| Given information |
───
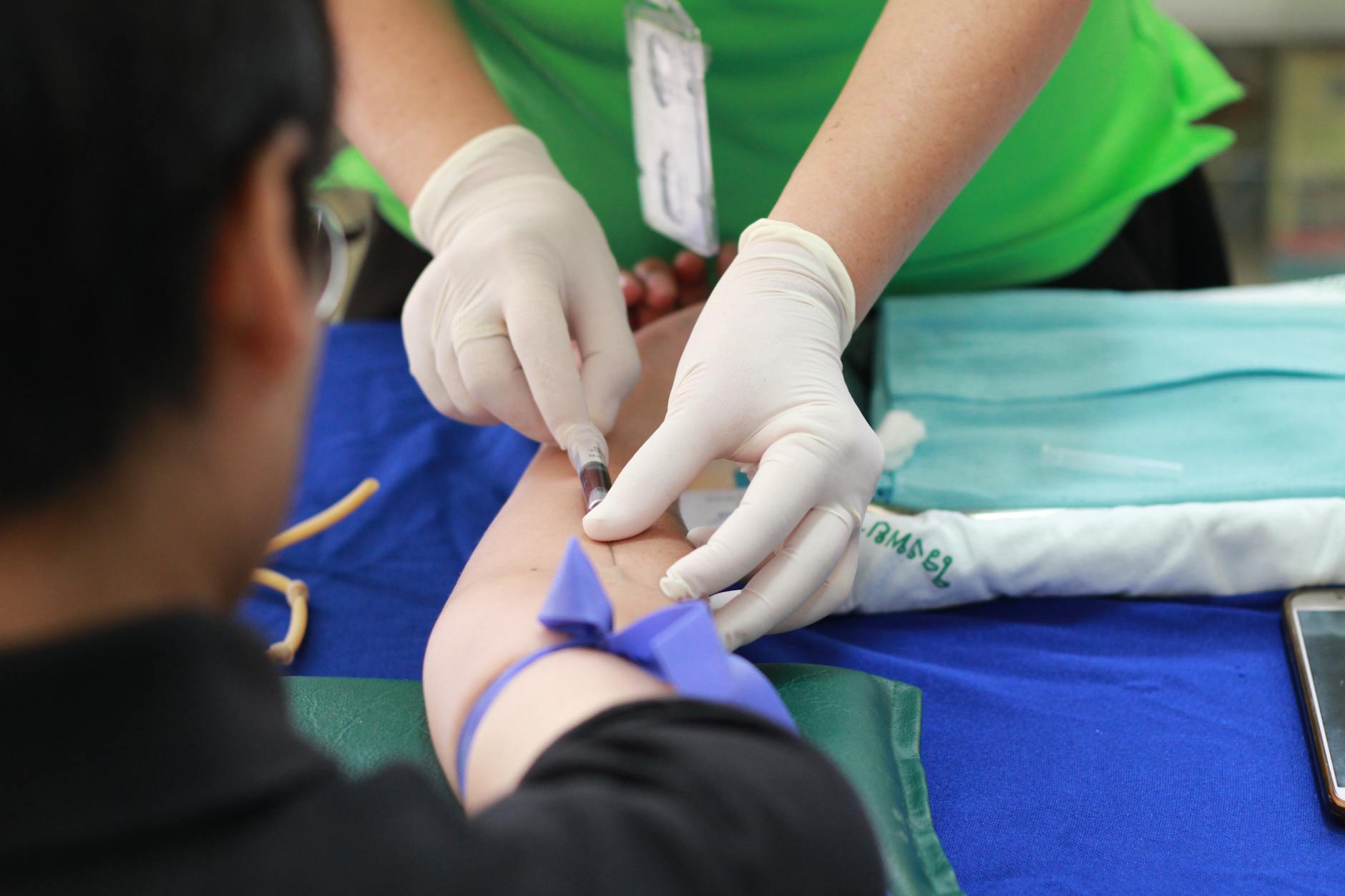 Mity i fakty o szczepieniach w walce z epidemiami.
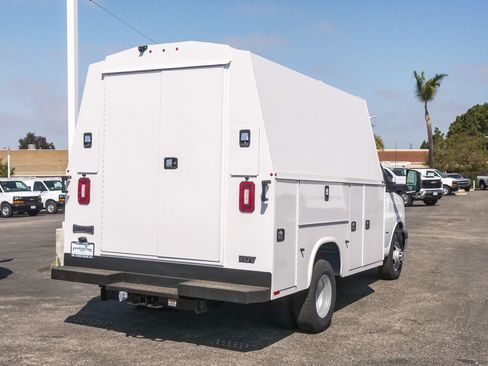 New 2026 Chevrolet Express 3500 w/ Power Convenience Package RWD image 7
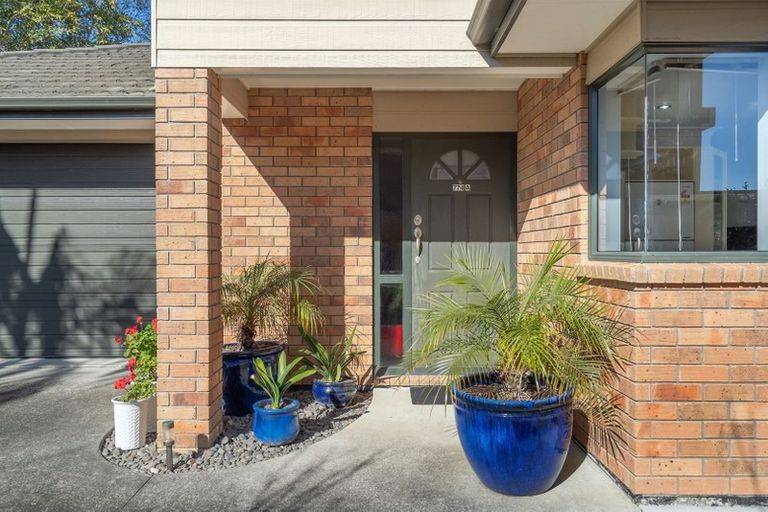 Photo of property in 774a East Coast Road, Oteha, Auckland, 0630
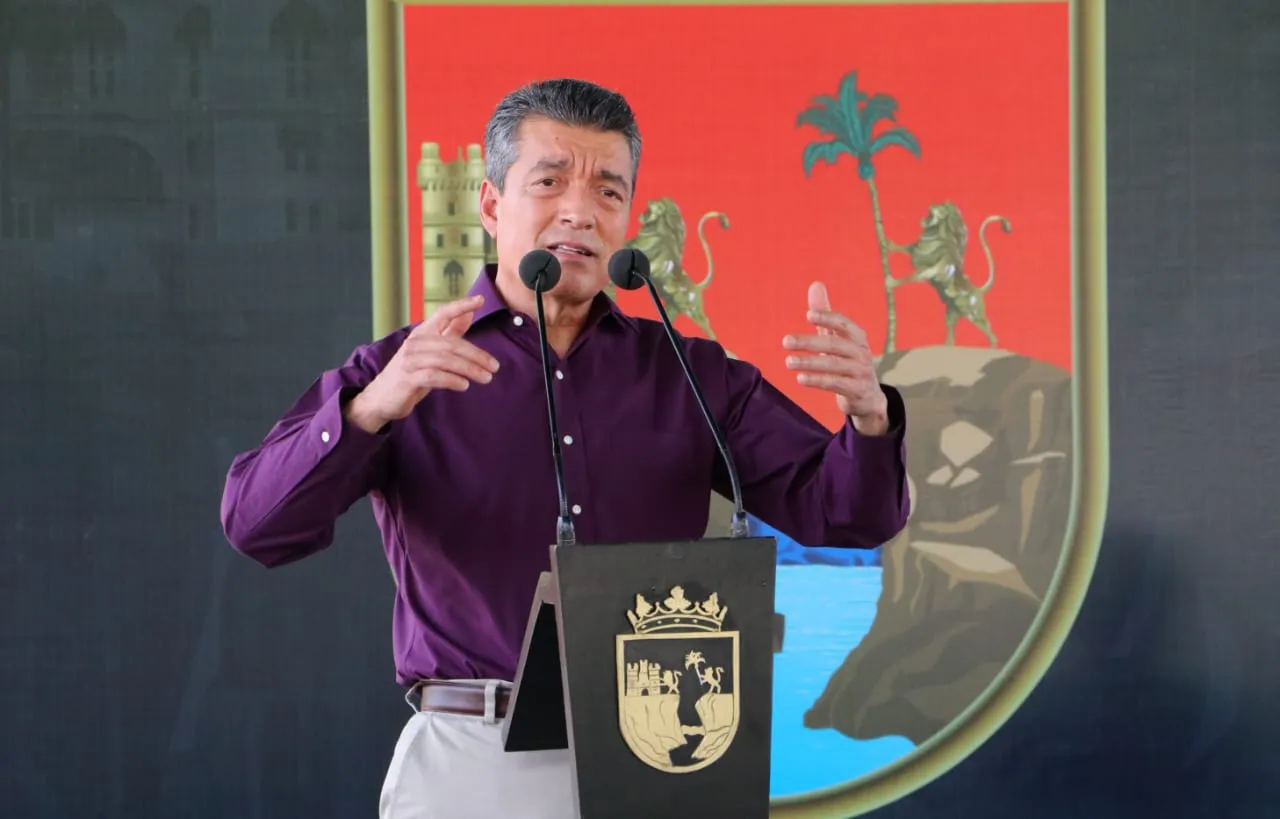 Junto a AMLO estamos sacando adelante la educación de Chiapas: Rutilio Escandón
───
| What to do |
Print every line of the material exactly as written, but drop the pictures.

| Exercise output |
 Mity i fakty o szczepieniach w walce z epidemiami.
 New 2026 Chevrolet Express 3500 w/ Power Convenience Package RWD image 7
 Photo of property in 774a East Coast Road, Oteha, Auckland, 0630
 Junto a AMLO estamos sacando adelante la educación de Chiapas: Rutilio Escandón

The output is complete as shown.